%%
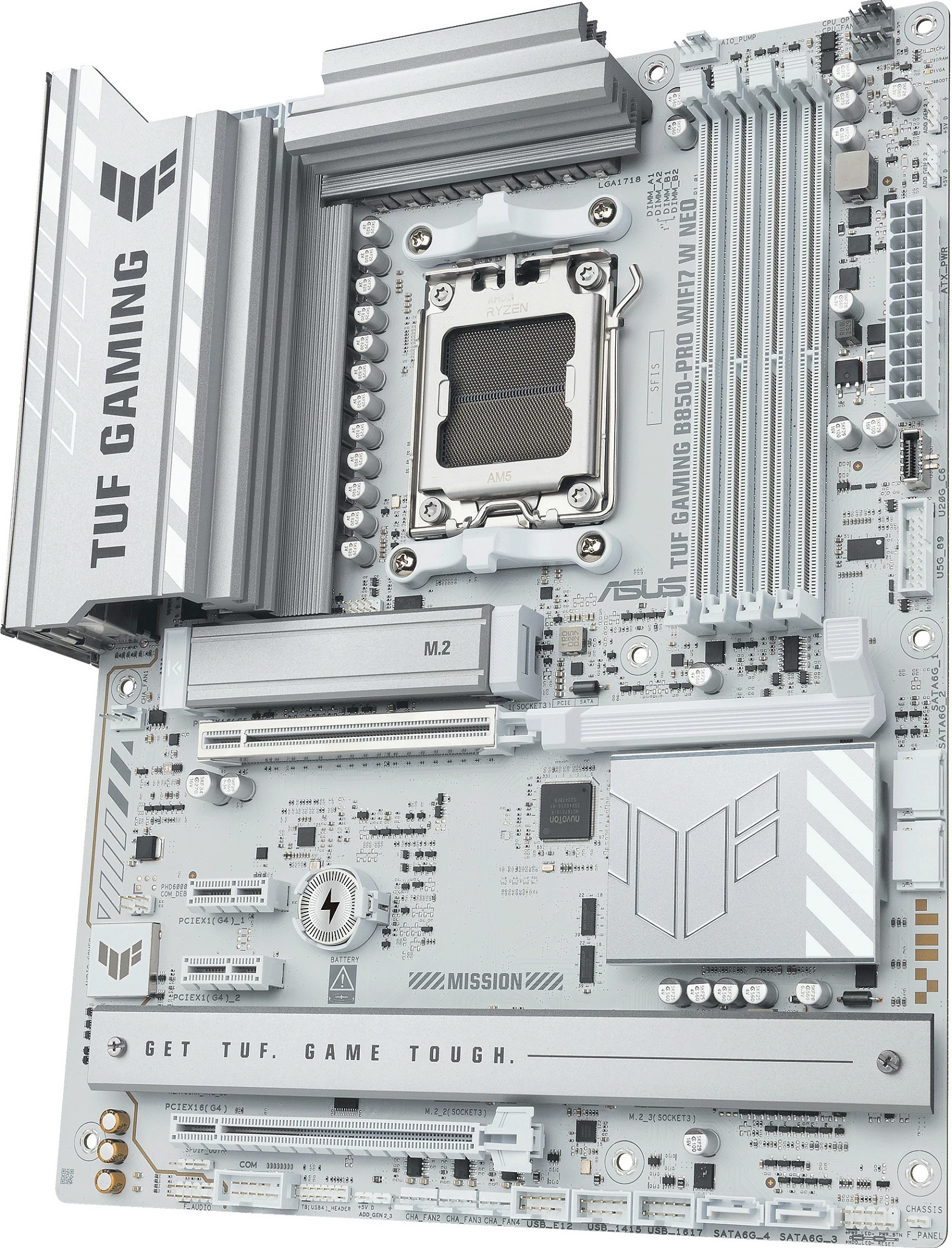 Pllakë amë ASUS TUF GAMING B850-PRO WIFI7 W NEO, Socket AM5, DDR5 256GB, Wi‑Fi 7, e bardhë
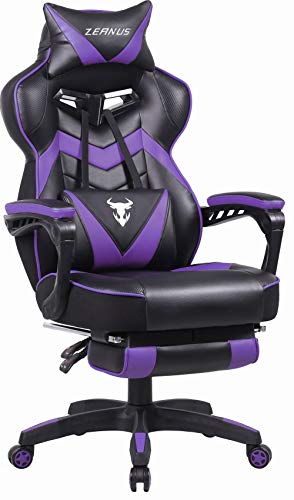 Purple Gaming Chair, Reclining Computer Chair with Footrest, High Back Gamer Chair with Massage, Ergonomic PC Gaming Chair, Racing Style…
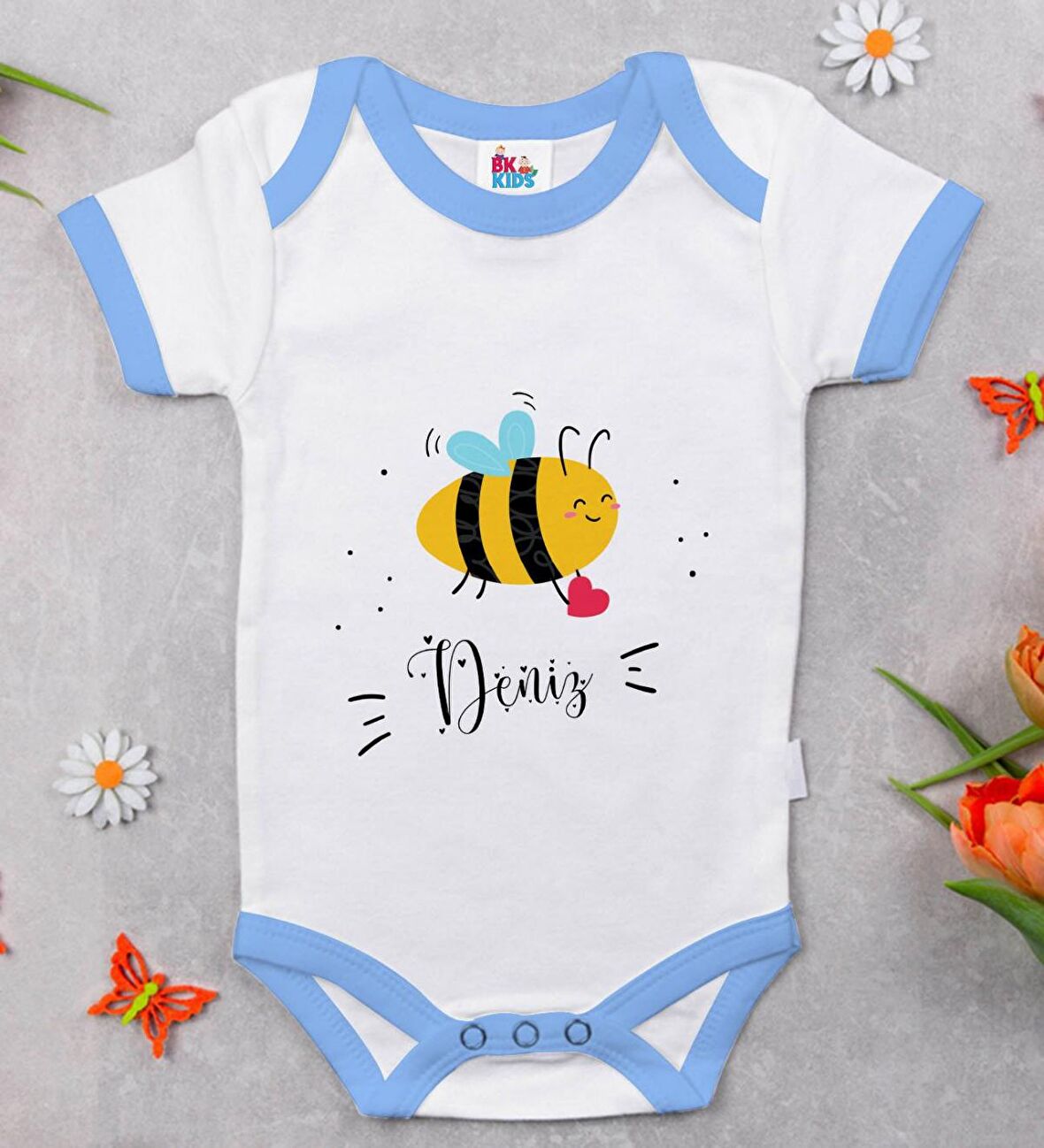 BK Kids Kişiye Özel Mavi Bebek Body Zıbın - Model 165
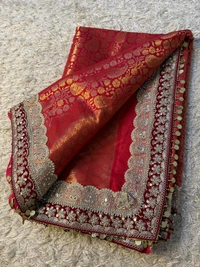 W19008 Premium Kanjivaram Soft Tanchui Saree With Maggam Lace Border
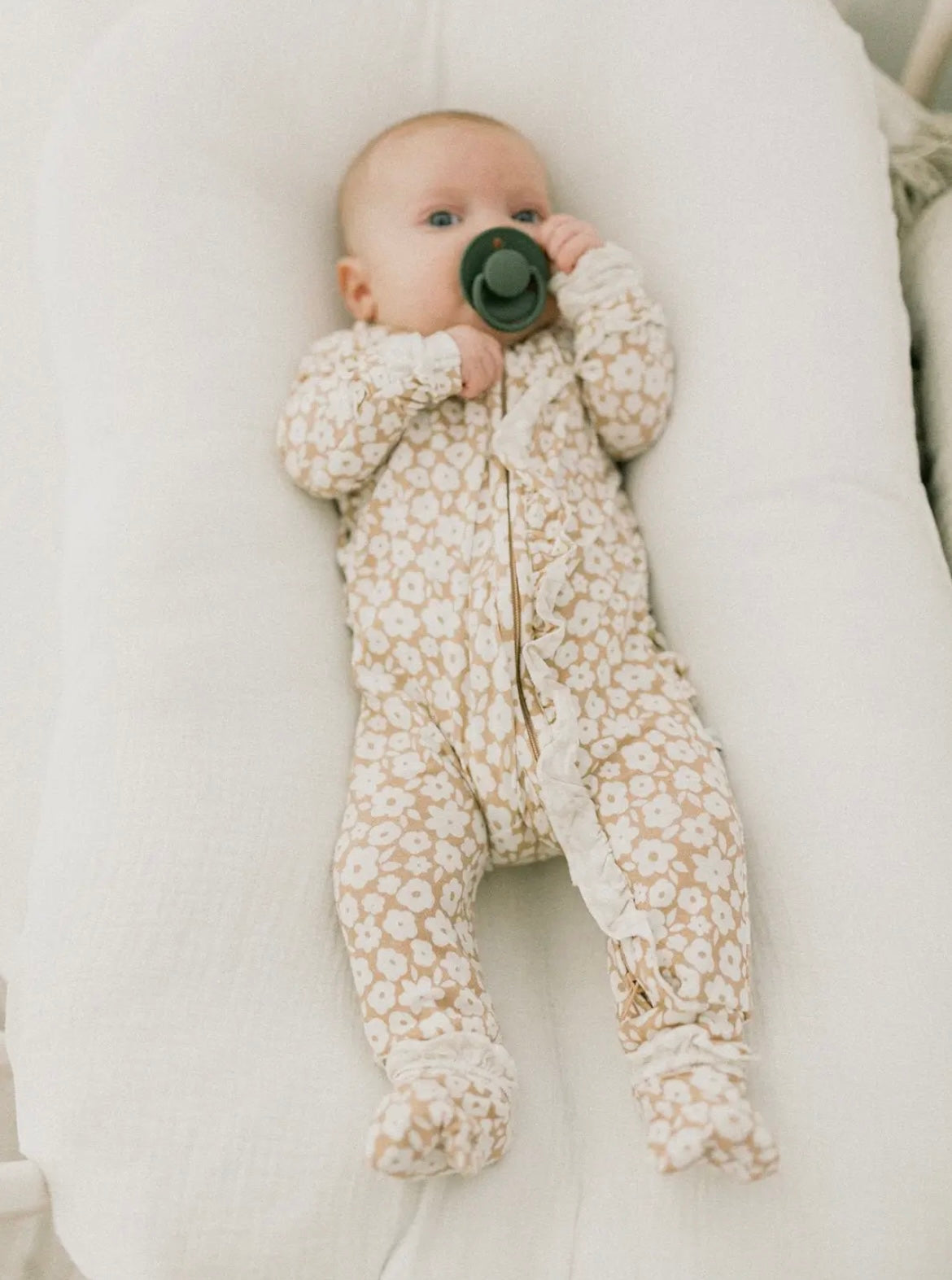 Baby Girl Ruffle Mocha Floral Bamboo Zipper Sleeper
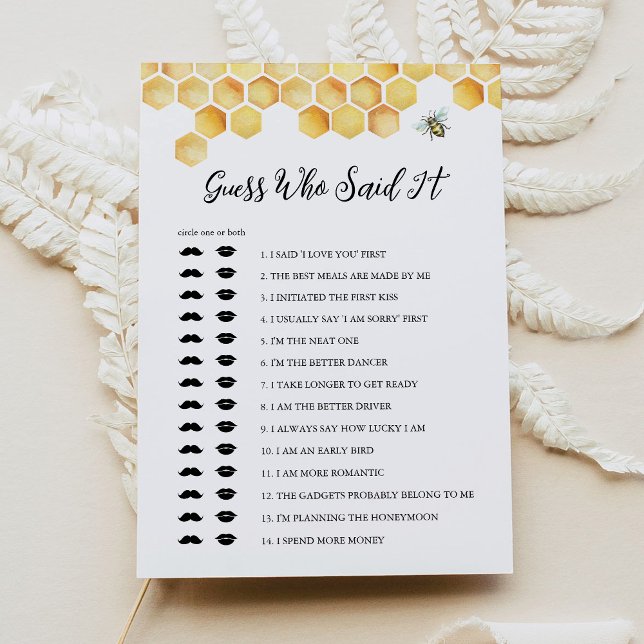 CALLA Bee Guess Who Said It Bridal Shower Game Invitation (Creator Uploaded)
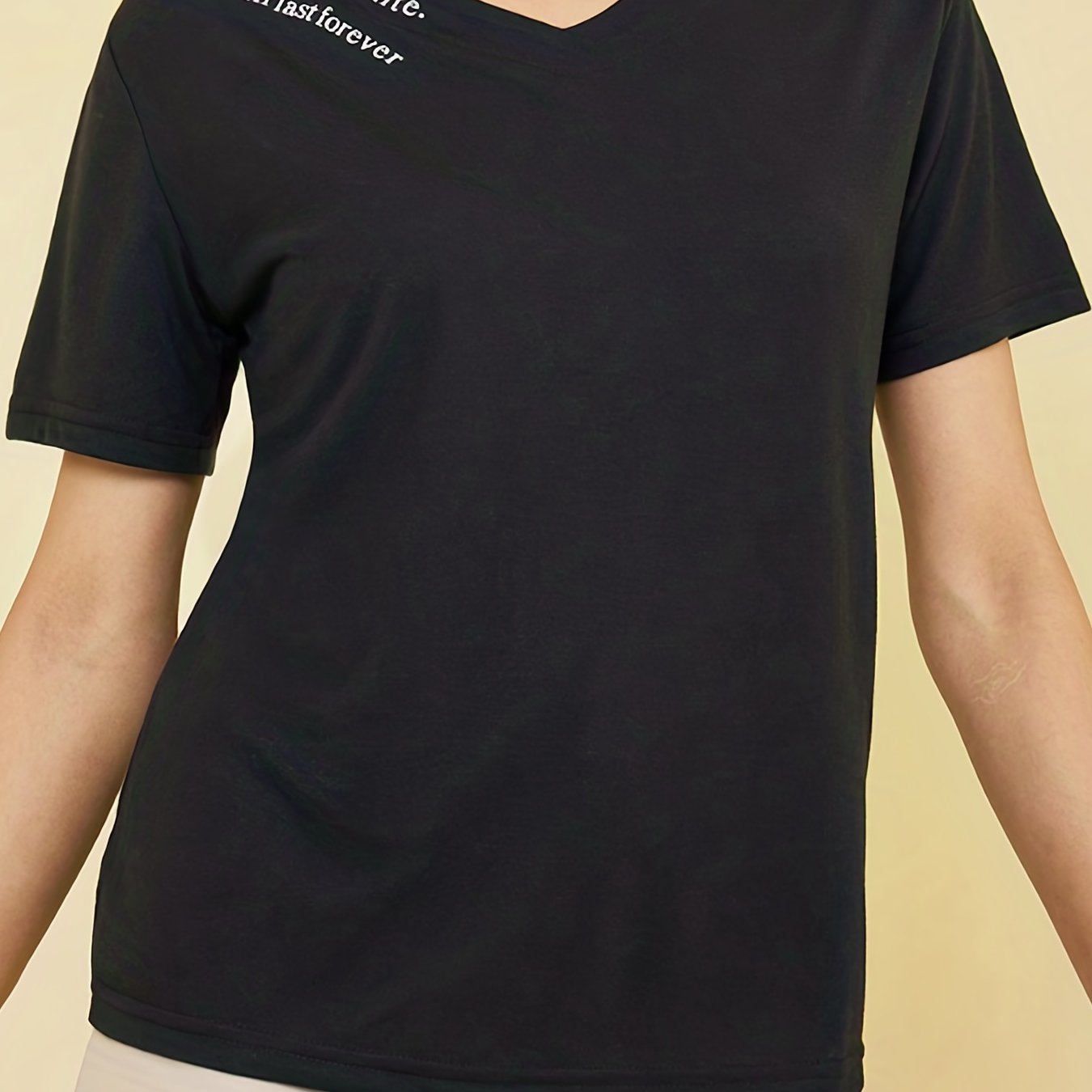 V Neck Cut Out Shoulder Tee Letter Print Short Sleeve Casual Sports T shirts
%%
Work request: Skipping all images, print the data above a second time exactly.

Response to this exercise:
 Pllakë amë ASUS TUF GAMING B850-PRO WIFI7 W NEO, Socket AM5, DDR5 256GB, Wi‑Fi 7, e bardhë
 Purple Gaming Chair, Reclining Computer Chair with Footrest, High Back Gamer Chair with Massage, Ergonomic PC Gaming Chair, Racing Style…
 BK Kids Kişiye Özel Mavi Bebek Body Zıbın - Model 165
 W19008 Premium Kanjivaram Soft Tanchui Saree With Maggam Lace Border
 Baby Girl Ruffle Mocha Floral Bamboo Zipper Sleeper
 CALLA Bee Guess Who Said It Bridal Shower Game Invitation (Creator Uploaded)
 V Neck Cut Out Shoulder Tee Letter Print Short Sleeve Casual Sports T shirts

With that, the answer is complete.